Did you initially feel special because you didn’t go the way of friends like Kurt Cobain and Blind Melon’s Shannon Hoon?

Yeah, I think the fact that I was considered to be “the together one” out of people from famous Seattle bands enabled me to lie to myself. I didn’t see that it would get worse, but it does. Now I avoid any mood-altering substances, period.

Did you go into rehab voluntarily, or were you pushed?
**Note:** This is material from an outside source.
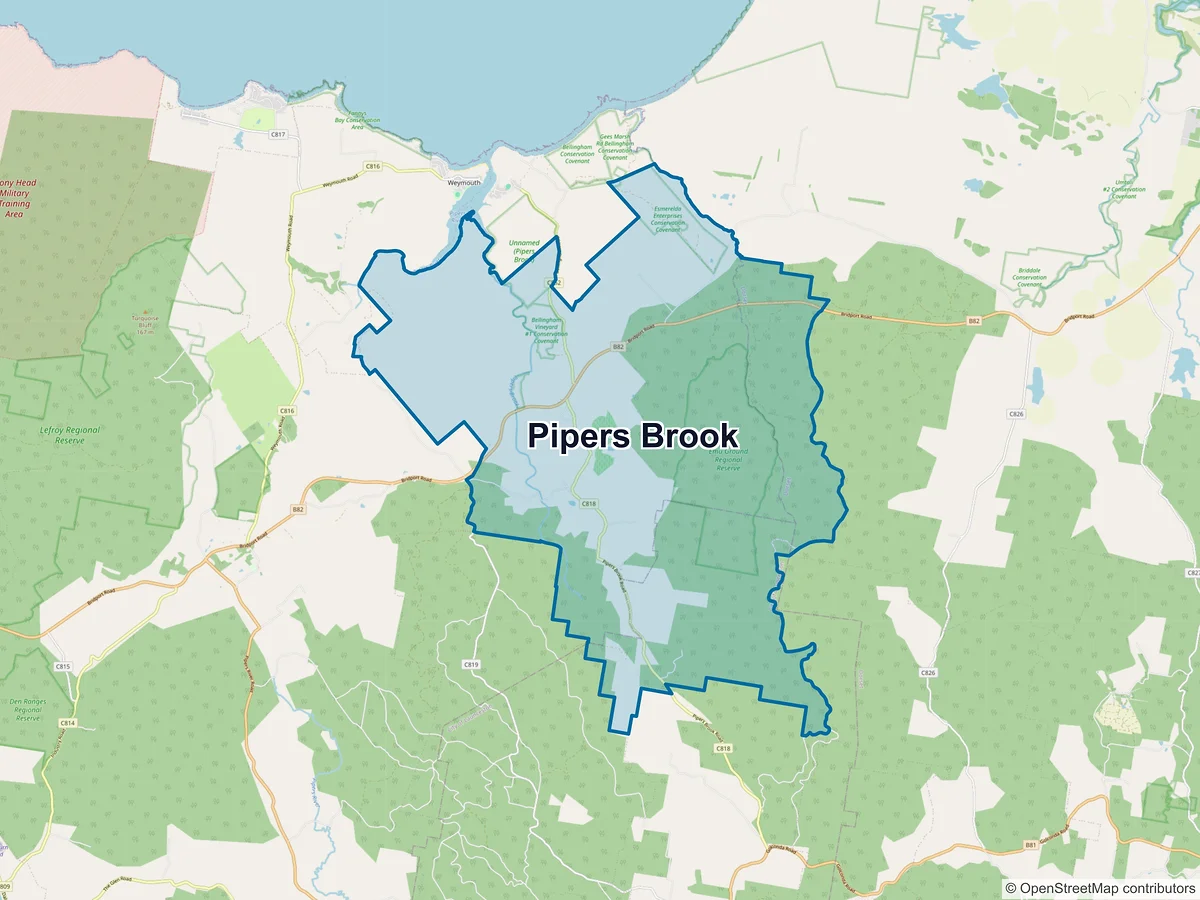 Map of Pipers Brook, TAS, Australia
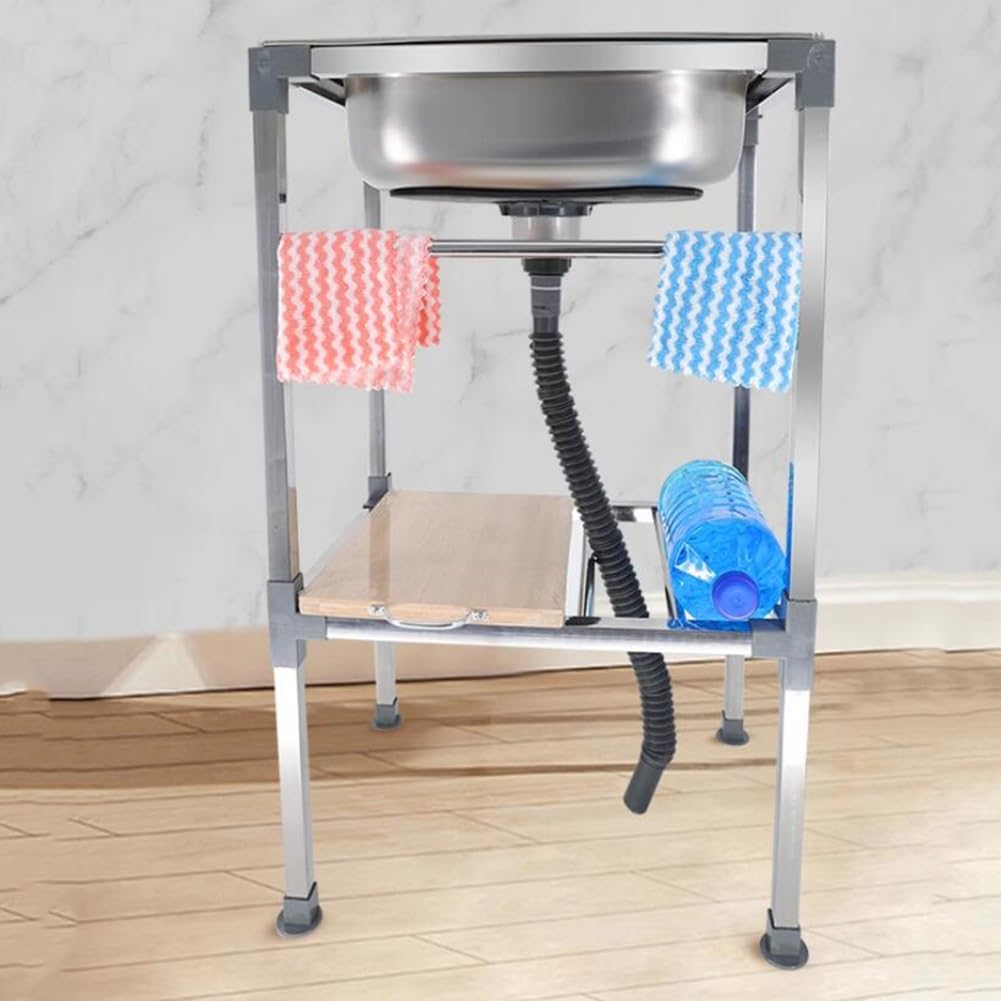zktoermn Petit Évier Utilitaire, Évier De Cuisine À Bol Unique en Acier Inoxydable Autonome, Equipé De Robinets Et D'étagères De Rangement, Buanderie Salle De Bain Ferme(Silver-B,48x35x83cm)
I think it was both. Realizing how I was affecting people I cared about made a big difference. The other three members of Audioslave didn’t know me that well, and when we started making the first record, I was pretty much at my worst. I think they just looked at it as “Oh, this is the kind of guy we have in our band now.” [Laughs] And we were writing great songs, but then it got scary from them. Their urging didn’t come from a place like “We’re concerned about our careers.” It came from a place like “We’re concerned about you.” I felt a sense of sadness and fear in them that made me wake up. It was being around people who weren’t part of the bad part of my life that I then saw how bad it was.

Do you ever look back and think, “Wow, what asshole I was”?

In hindsight I have to say I didn’t know life [could be] different. The relationship I have with my wife now, I didn’t know that could exist. It was a revelation. I was able to forgive myself for a lot of my bad behavior, because how was I supposed to know? The only reason I was lucky enough to end up happy for the first time in my life is because I was awake for it.

You recently sued your ex for the return of earnings and personal effects. Is that resolved now?

Pretty much. It’s never resolved when it comes to intellectual property and the kind of things Dave Grohl and Krist Novoselic have to fight Courtney Love about. But other than that, it’s over with. Finally. It’s only been in the last few months that Vicky and I have experienced life without lawyers calling, without getting crushing e-mails with bad news.

Going back to Soundgarden–did you feel privileged to be in the wave of independent bands that revolutionized mainstream rock?

Nobody came to Seattle to sign a band or write about you or put your song on the radio, so everything there was very genuine. I’m privileged to have been in that place at that time. I also put a lot of energy into that. We really had to beat the doors down.

You formed in 1984, broke big in 1991, and called it a day in 1997. Which period holds the fondest memories for you?

A time that sticks in my mind is one of Soundgarden’s first tours. We’d heard stories about the Athens scene and the Minneapolis scene and the Austin scene, and we went to these different cities and realized what we had in Seattle; it just felt more energetic than anywhere else. There’s a song on the new record, “Original Fire,” that sort of covers that period.

Do you ever regret dissolving Soundgarden when you did?

When we opened up for Guns N’ Roses [in 1991], we all looked around and saw where the next step was, and we didn’t like it. They had two keyboard players, a piano that came up from the ground, three background singers, three guys that seemed to just want to play in a rock band, and another guy who wanted to be bigger than the Rolling Stones. We all agreed we didn’t want to do that. My favorite Soundgarden record is the last one. We weren’t a band who ended up strangling each other or fighting with lawyers. We had critical success, we had commercial success, we made records I think are timeless, and we were together for a long time. I’m not so greedy that I want more of that.

Were you disappointed your solo record [1999’s Euphoria Morning] wasn’t more successful?

It was something I just wanted to do and move on. I’m working on songs now for another solo record, and it’s a vastly different world. I think it just was not the time for me to have a big solo record. I was in such a bad way personally and professionally.

Johnny Cash covered Soundgarden’s “Rusty Cage” at 64. Do you see yourself carrying on that long?

A few years back I was thinking about slowing down because I’d been laboring under the misapprehension that there was a finish line. I’m just not built that way. I look at someone like Johnny Cash and think that’s all he’s ever known, so it’s not really like work. Music to me still is not work. With the exception of being with my family, it’s first on my list of what I want to do.